Records drawn from a dataset
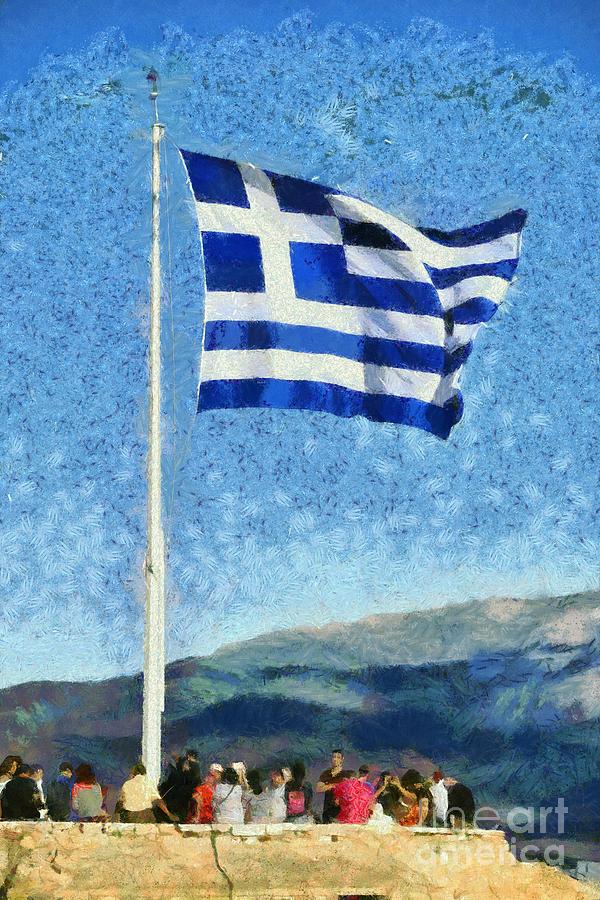 Greek flag in Acropolis of Athens Painting by George Atsametakis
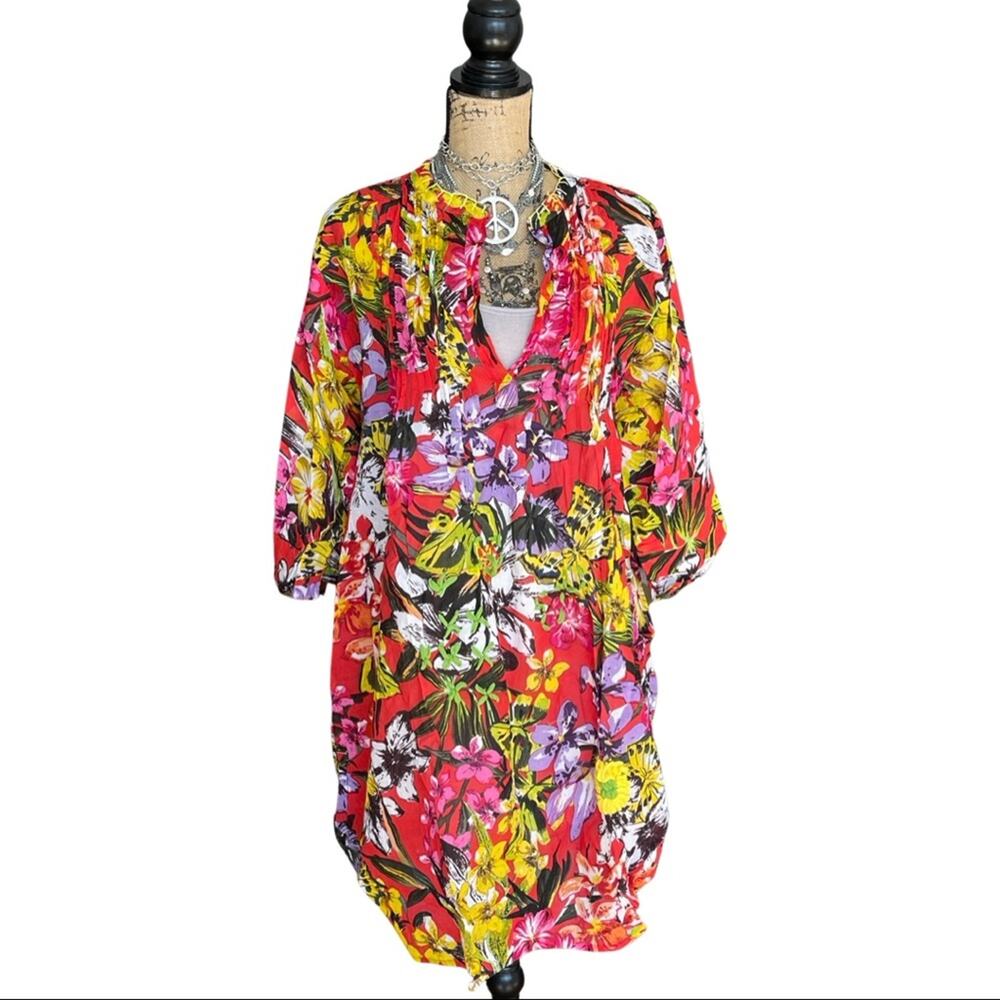 SPX TUNIC Swim cover up red floral PLUS SIZE top 3/4 sleeves size 50 style ELENA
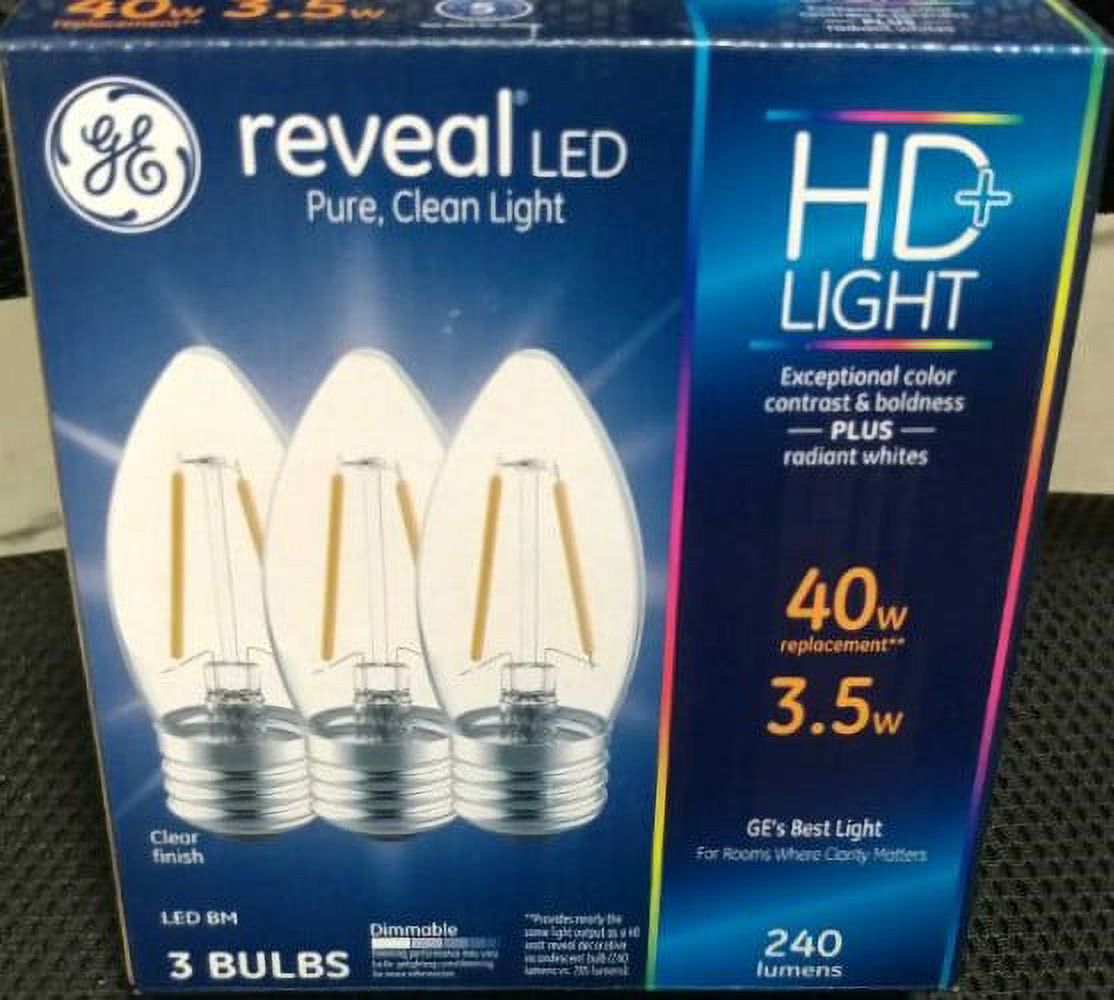 GE reveal LED 40 watt equivalent candle HD light clear finish Dimmable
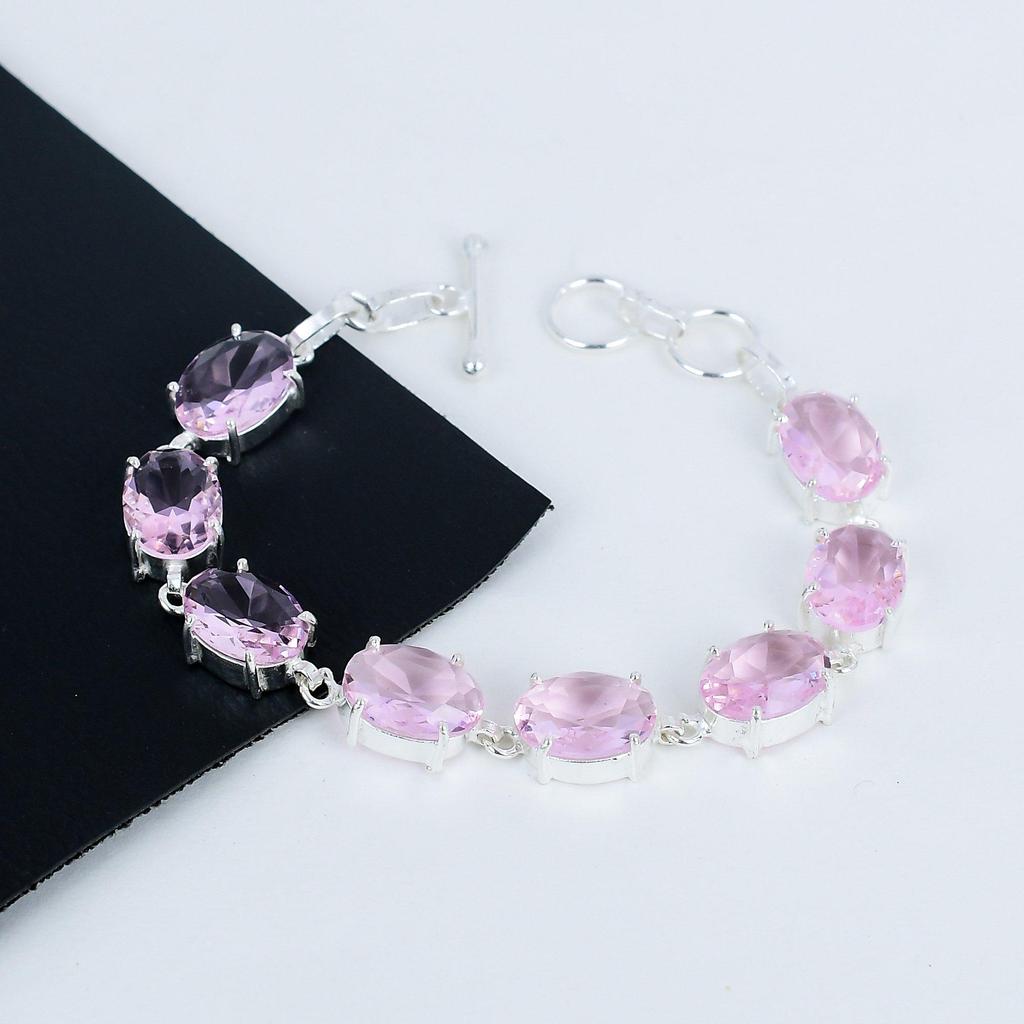 Rosa Kunzit Edelstein Handgefertigt 925 Sterlingsilber Armband, Rosa Kunzit Armband für Ehefrau, Unisex Armband Partykleidung Geschenk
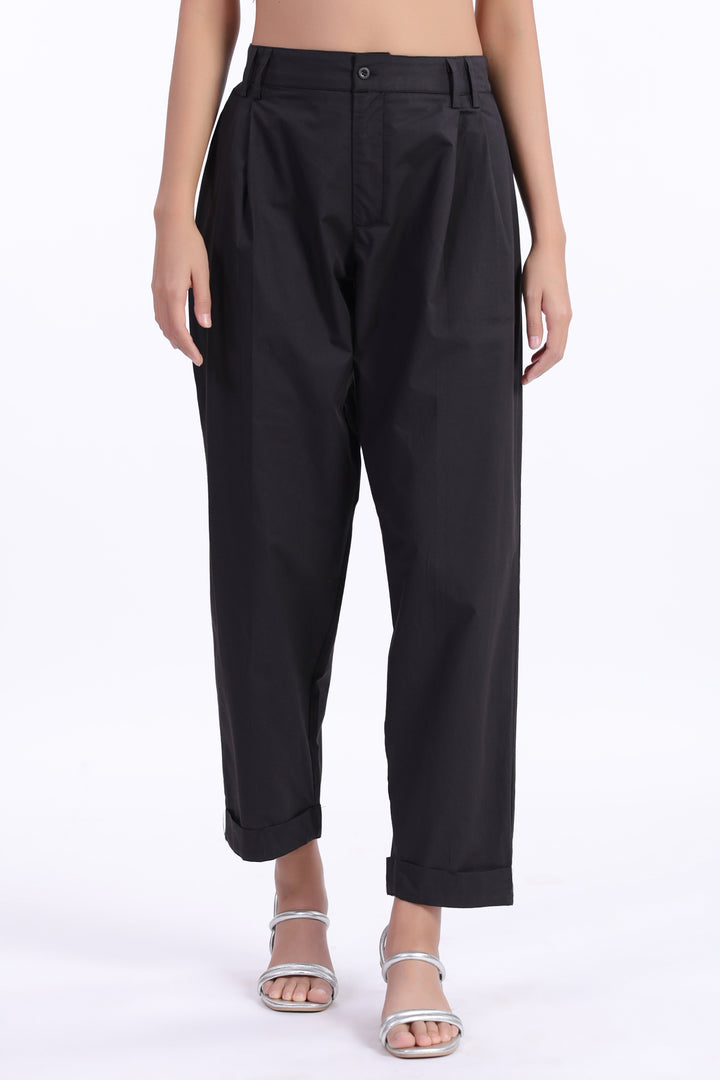 Women’s Black Cotton Trouser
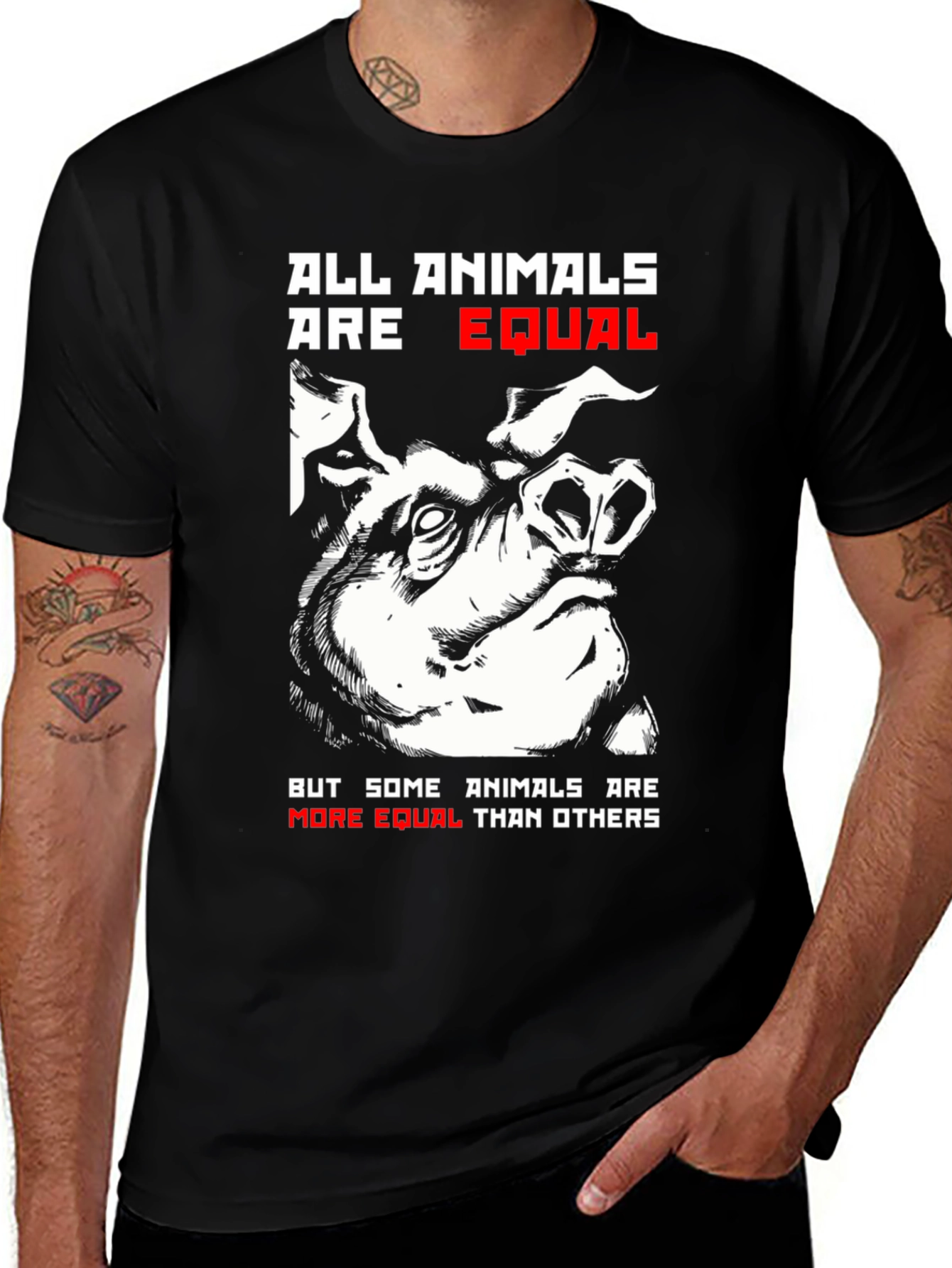 Variant 10 of All Animals are Equal Pig Graphic T-Shirt
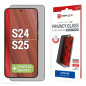 DISPLEX Privacy Full Cover Verre blindé (10H) pour Samsung Galaxy S24, Cadre de Montage écologique, Filtre de confidentialité, V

=== Action item ===
Apart from the pictures, return every entry above exactly as given.

=== Result for this exercise ===
 Greek flag in Acropolis of Athens Painting by George Atsametakis
 SPX TUNIC Swim cover up red floral PLUS SIZE top 3/4 sleeves size 50 style ELENA
 GE reveal LED 40 watt equivalent candle HD light clear finish Dimmable
 Rosa Kunzit Edelstein Handgefertigt 925 Sterlingsilber Armband, Rosa Kunzit Armband für Ehefrau, Unisex Armband Partykleidung Geschenk
 Women’s Black Cotton Trouser
 Variant 10 of All Animals are Equal Pig Graphic T-Shirt
 DISPLEX Privacy Full Cover Verre blindé (10H) pour Samsung Galaxy S24, Cadre de Montage écologique, Filtre de confidentialité, V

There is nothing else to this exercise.